A stream is called a “Run” in Pennsylvania, northern West Virginia, eastern Ohio and western Maryland. Derek Watkins’ map of Generic Terms for Streams in the Contiguous U.S., generated from GNIS data, shows the places where people use different words for Creek including: Branch, fork, run, brook, kill, stream, bayou, swamp, slough, wash, cañada, arroyo, rio. (Click here to see his map.)— from The Rise and Fall of Panther Hollow Lake by Kate St. John
There are other anomalies as well. Hollow, as in Panther Hollow, is our name for a narrow valley.

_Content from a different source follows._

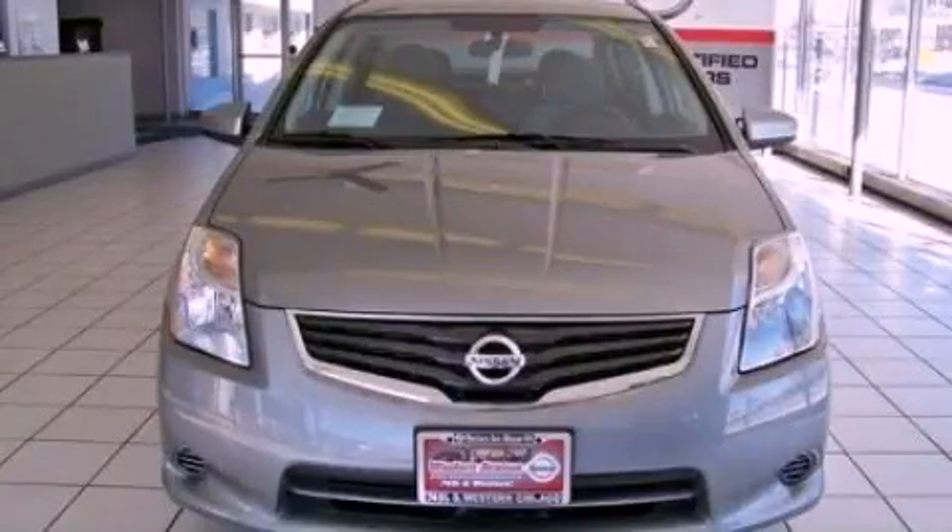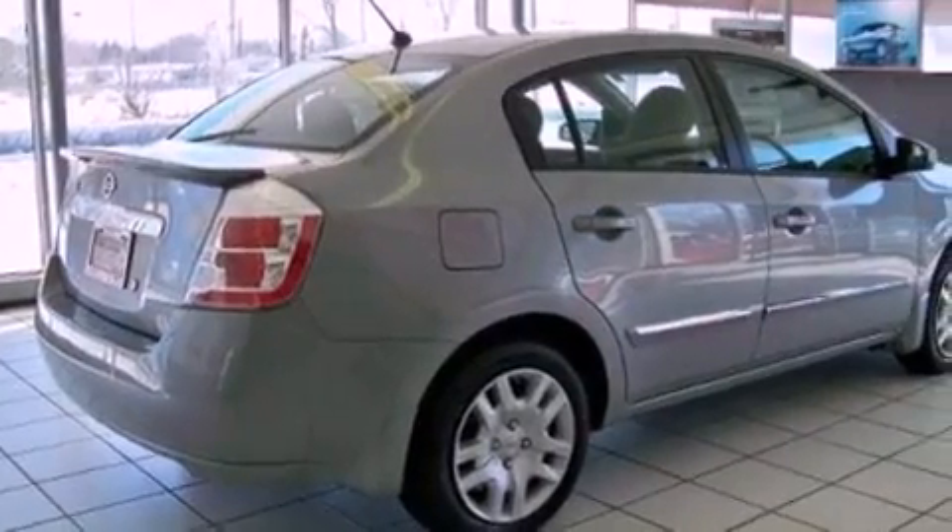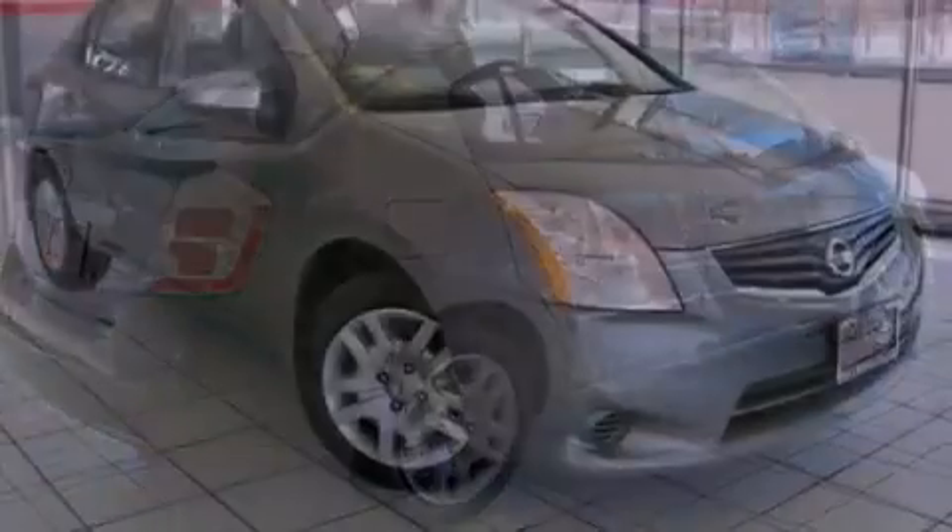This is a 2011 Nissan Sentra. It features a 2.0-liter four-cylinder engine and a continuous variable transmission.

The term is used throughout Appalachia and in places where Appalachians settled later such as the Ozarks, Utah, Texas, and parts of Oregon and Wisconsin(*). Everywhere else out West a narrow valley is a Gulch. Since the West is dry we think gulches are dry, but they don’t have to be.
Here’s Pfly’s map of Hollow in orange versus Gulch in blue.
So a Run in a Hollow could be called a Branch in a Gulch.
Nine Mile Branch in Duck Gulch is pictured at top.
It just doesn’t sound right.
(photo by Kate St. John, maps by Pfly on Flickr, Creative Commons licensing)
p.s. (*) The Hollow vs Gulch map is interesting from a Western migration perspective on places where Appalachians settled later. For instance,
- Utah was settled by Mormons from Upstate New York.
- Parts of Texas were settled by Appalachians looking for more land. For instance, my great-grandparents emigrated from Appalachian Tennessee to northeastern Texas near the town of Paris.
- Southwestern Wisconsin uses both Branch and Hollow, terms from the southern Appalachians. Derek Watkins speculates that this patch may have come from Appalachian in-migration “during a regional lead mining boom in the early 19th century.”